If she could prevent this guy from going off again and killing more people, she would be happy. It was the way she rolled.
Landry awoke in the darkness of the hotel room. It was the middle of the night. For a moment he forgot where he was. He was back in Afghanistan. Or maybe Iraq. No—Afghanistan. The Korengal Valley. It was bad—he’d lost two good friends that day. Then he realized he was in another hotel room, another anonymous hotel room, and nothing had awakened him except his own mind. Jolie was gone, back to New Mexico. His wife and daughter were gone, too, and Gary refused to tell him where they were, except to say they were “safe.” He doubted that. What would a pansy comptroller know about safe houses? Would he fight off the bad guys with a briefcase and a spreadsheet? Fortunately, Landry had made sure that both Cindi and Kristal knew how to protect themselves. If they took their weapons with them, they would know how to use them. If they’d kept up their practice. He hoped they had. They’d also had martial arts training, but he knew Cindi and Kristal would be no match for whoever was coming for him.
The person behind this had used Landry’s family once to try and draw him out.

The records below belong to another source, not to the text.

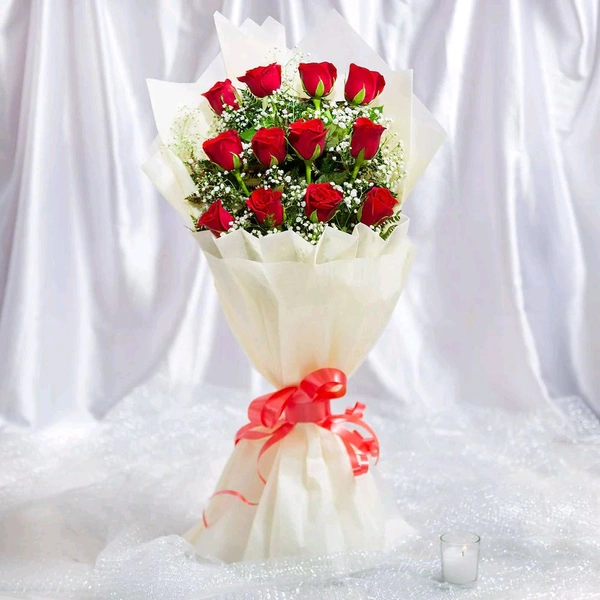 12 Red Roses With Butterscotch Cake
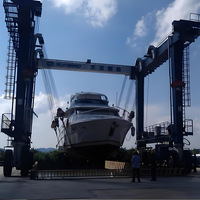 Moteur de boîte de vitesses de grue mobile à pneus en caoutchouc haute efficacité 100/60 tonnes avec télécommande pour le transport de yachts et la construction offshore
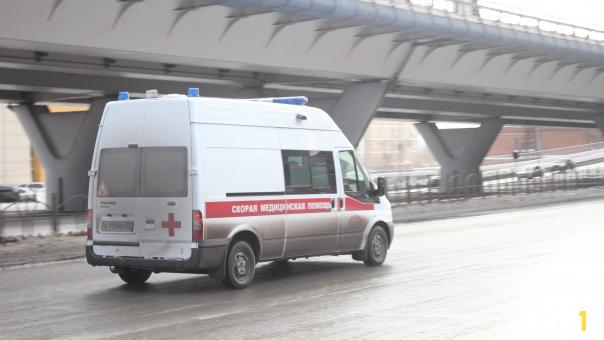 В Омске на очищенной от снега улице в снегу застряла «скорая»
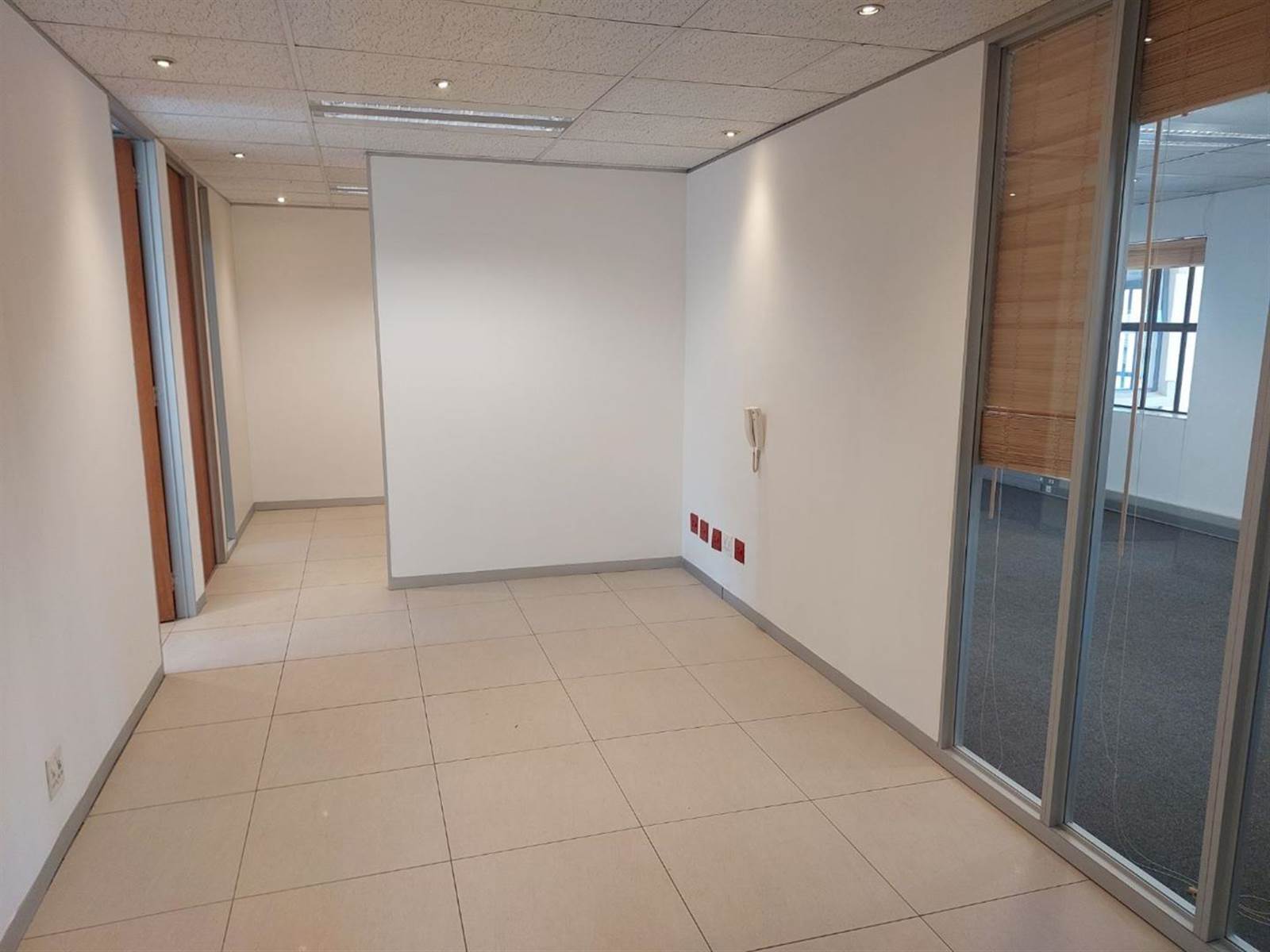 370  m² Commercial space in Bryanston photo number 2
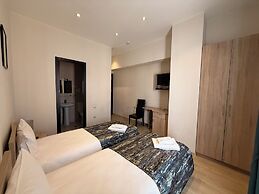 Liva Hotel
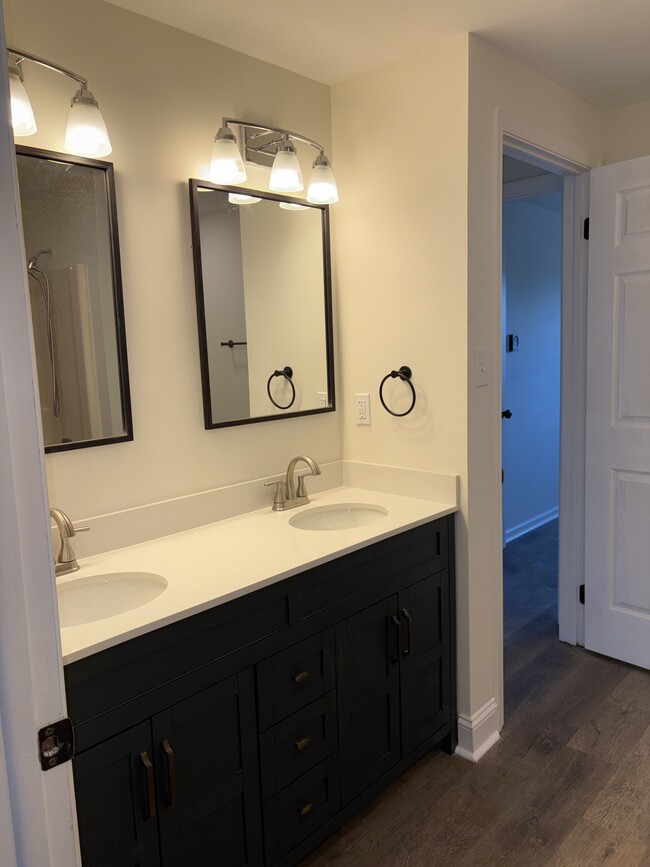 Full Bathroom Upstairs with access from master and hallway - 287 Norwood Rd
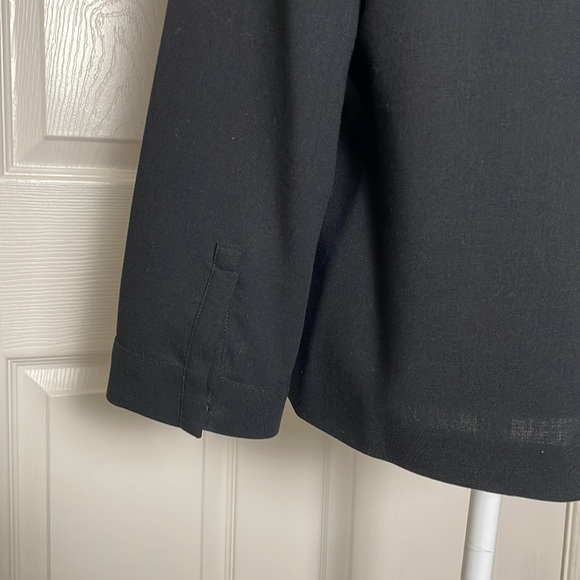 Banana Republic: Wool Top w/snap button closure - Picture 5 of 12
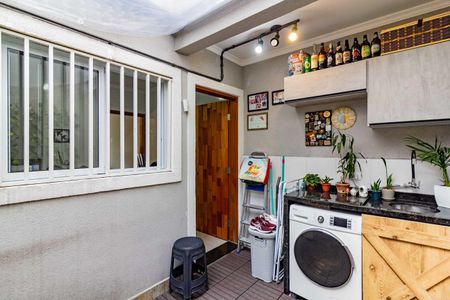 Casa à venda com 61m², 2 quartos e 1 vaga Casa à venda com 61m², 2 quartos e 1 vagaÁrea de Serviço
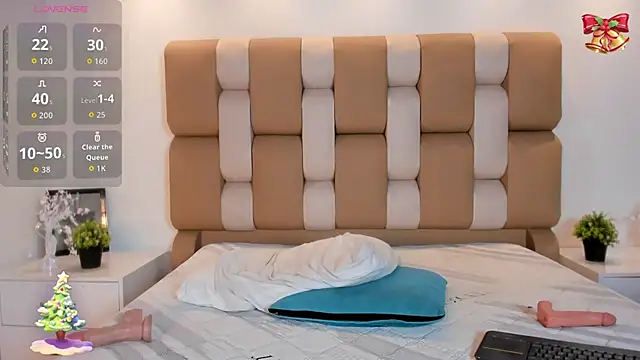 Caroline_Millerr's cam snapshot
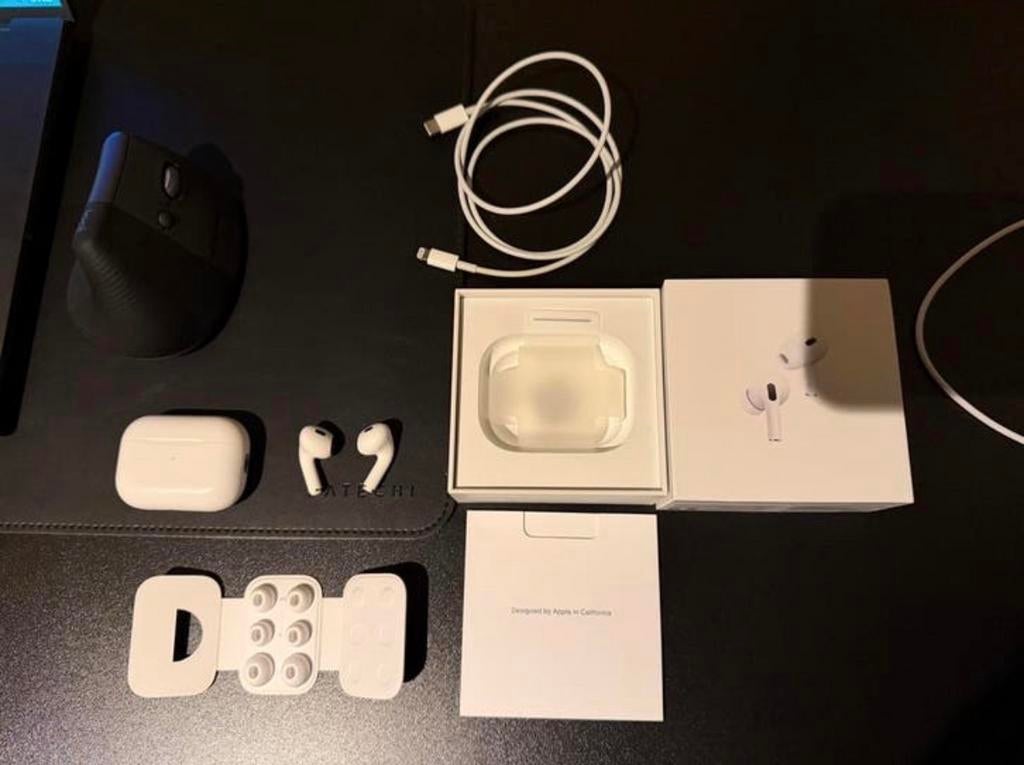 Apple AirPods Pro (2e generatie) - Zo goed als nieuw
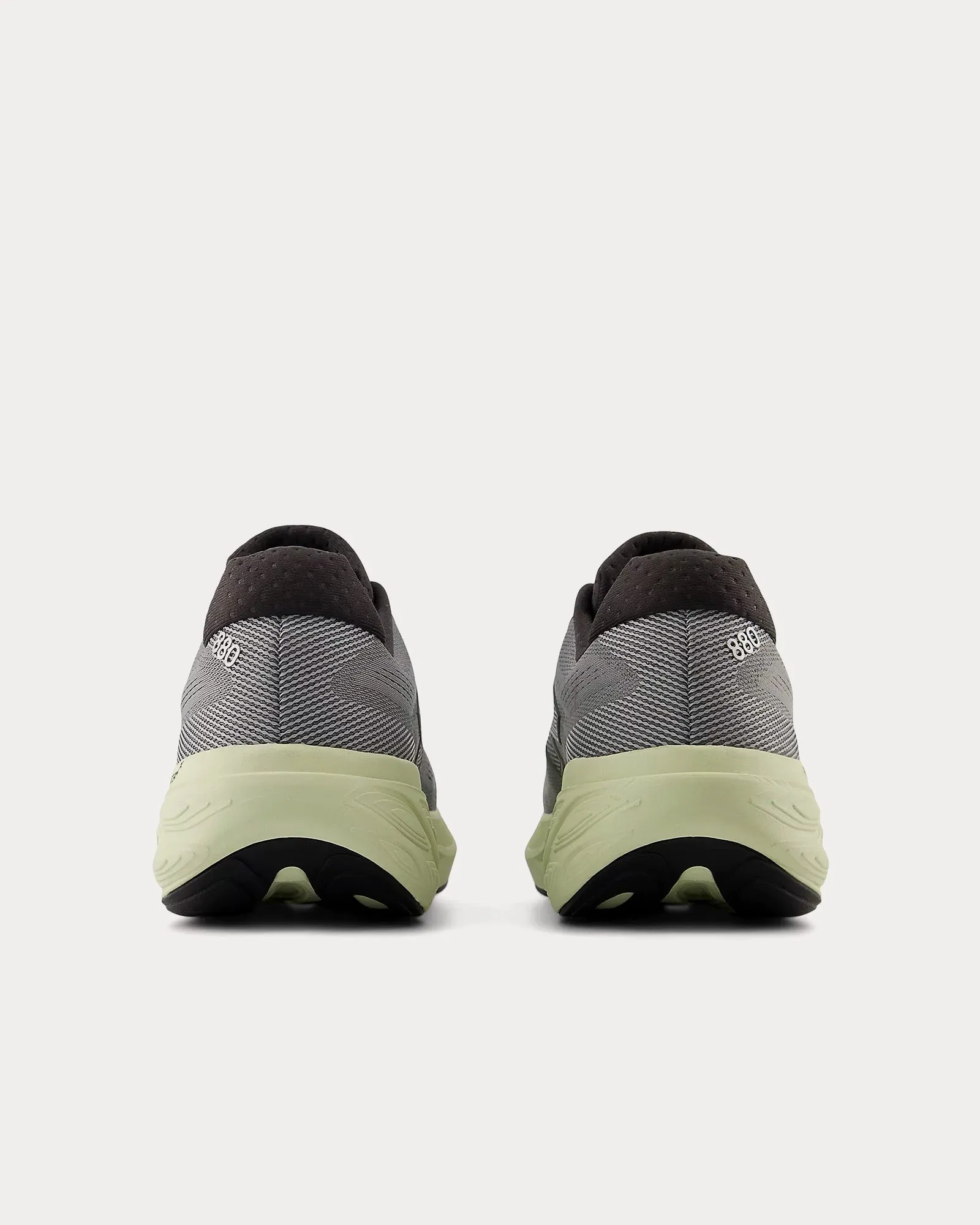 Fresh Foam X 880v15 Slate Grey / Mineral / Black Running Shoes New Balance M587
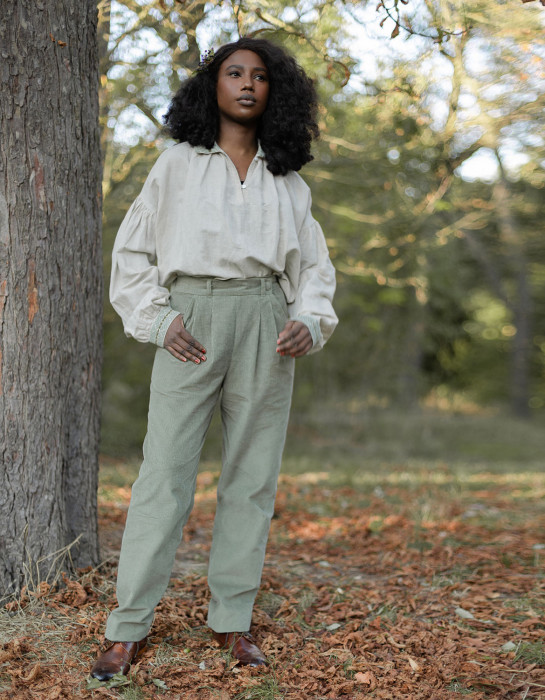 Pantalon "Yana" en velours côtelé vert menthe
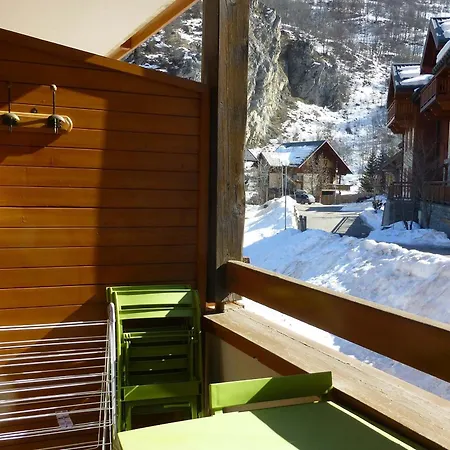 Sud Avec Balcon Et Parking, Animaux Admis Valloire
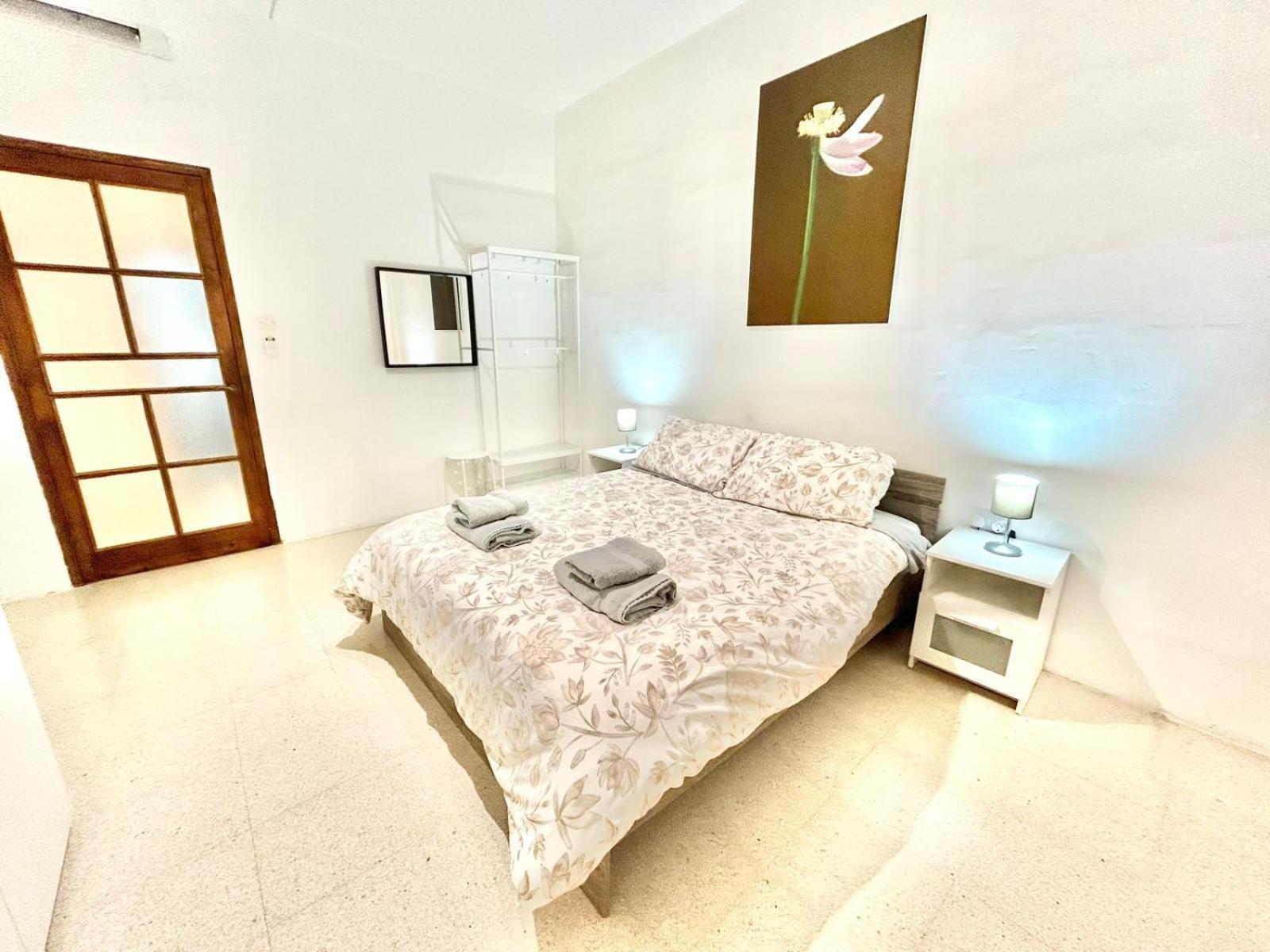 St Julians - Balluta Bay Large 3 Bedroom Apartment Sliema Exteriér fotografie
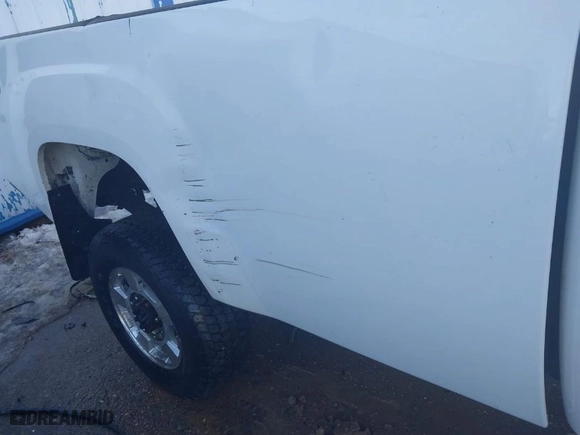 2012 GMC Sierra 2500HD SLE with VIN 1GT220C82CZ121696, listed as a IAAI auction lot 41608078 with 418,639 mi miles. Bid and sale history available at carsss.com. Image 20.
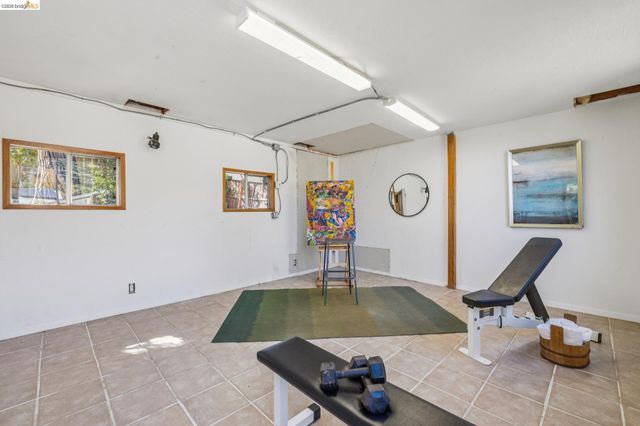 7531 Greenly Dr, Oakland, CA 94605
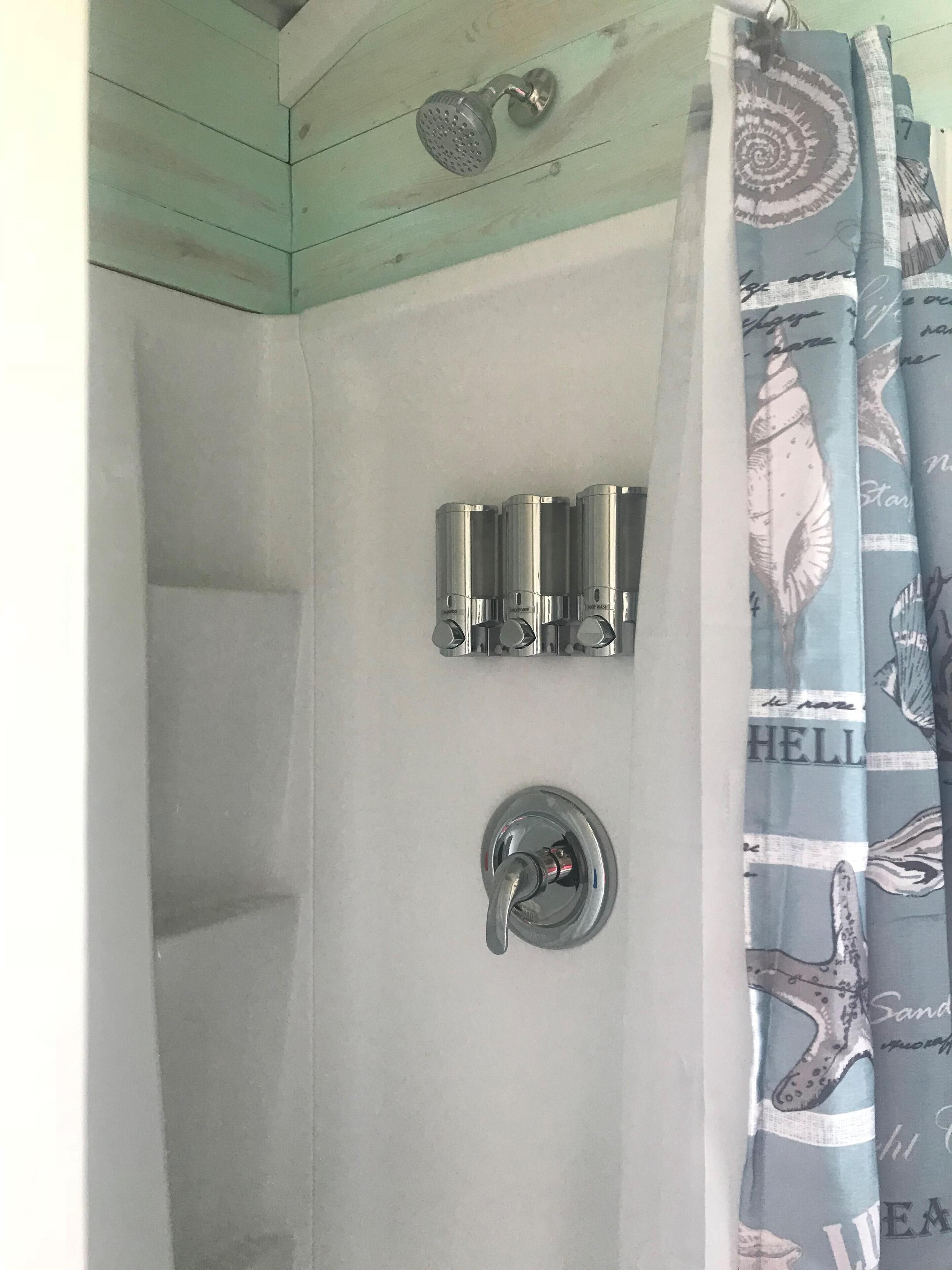 吹风机、毛巾、肥皂、洗发水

He would have no qualms about doing it again.
Right now, though, he could feel that something—or someone—was closing in on him. It wasn’t just the photo on TV, but the idea that someone, somewhere, had turned an eye on him.
He knew it was personal.
Again, he felt it in his jaw. He felt it in his whole body, which had tightened up, like a violin string to its breaking point. He took a deep breath. Closed his eyes. Let the white noise in his head subside into silence. He’d had years of practice letting go of his fears—war had done that for him.